Task goal:
Give the data below again exactly as written, without its pictures.

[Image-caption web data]

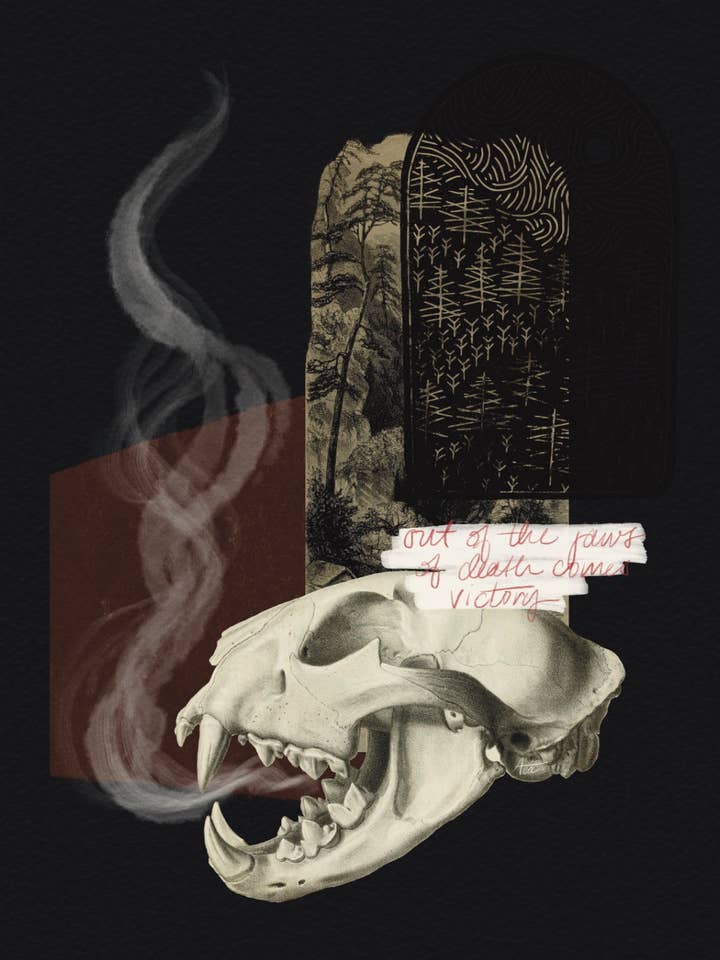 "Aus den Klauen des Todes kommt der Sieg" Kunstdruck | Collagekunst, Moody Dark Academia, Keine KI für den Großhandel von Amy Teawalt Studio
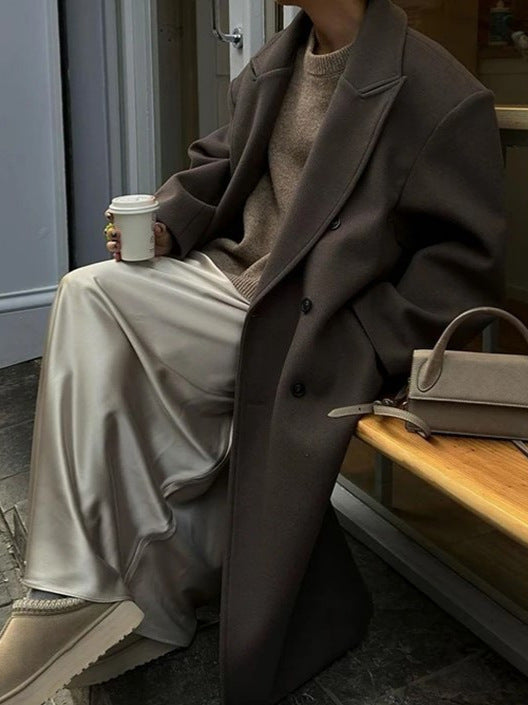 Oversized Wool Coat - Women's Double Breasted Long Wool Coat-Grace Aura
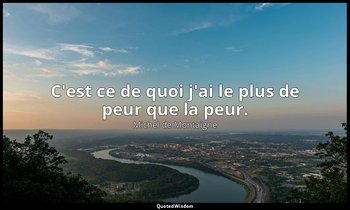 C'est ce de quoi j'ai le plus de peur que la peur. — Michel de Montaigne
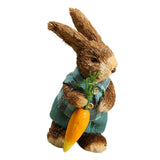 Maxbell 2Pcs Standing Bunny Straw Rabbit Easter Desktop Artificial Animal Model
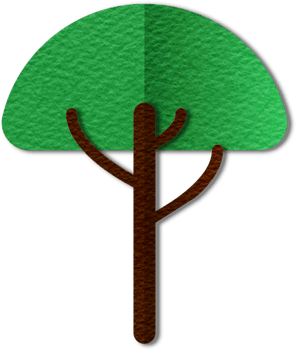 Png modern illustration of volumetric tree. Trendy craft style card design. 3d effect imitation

Expected answer:
 "Aus den Klauen des Todes kommt der Sieg" Kunstdruck | Collagekunst, Moody Dark Academia, Keine KI für den Großhandel von Amy Teawalt Studio
 Oversized Wool Coat - Women's Double Breasted Long Wool Coat-Grace Aura
 C'est ce de quoi j'ai le plus de peur que la peur. — Michel de Montaigne
 Maxbell 2Pcs Standing Bunny Straw Rabbit Easter Desktop Artificial Animal Model
 Png modern illustration of volumetric tree. Trendy craft style card design. 3d effect imitation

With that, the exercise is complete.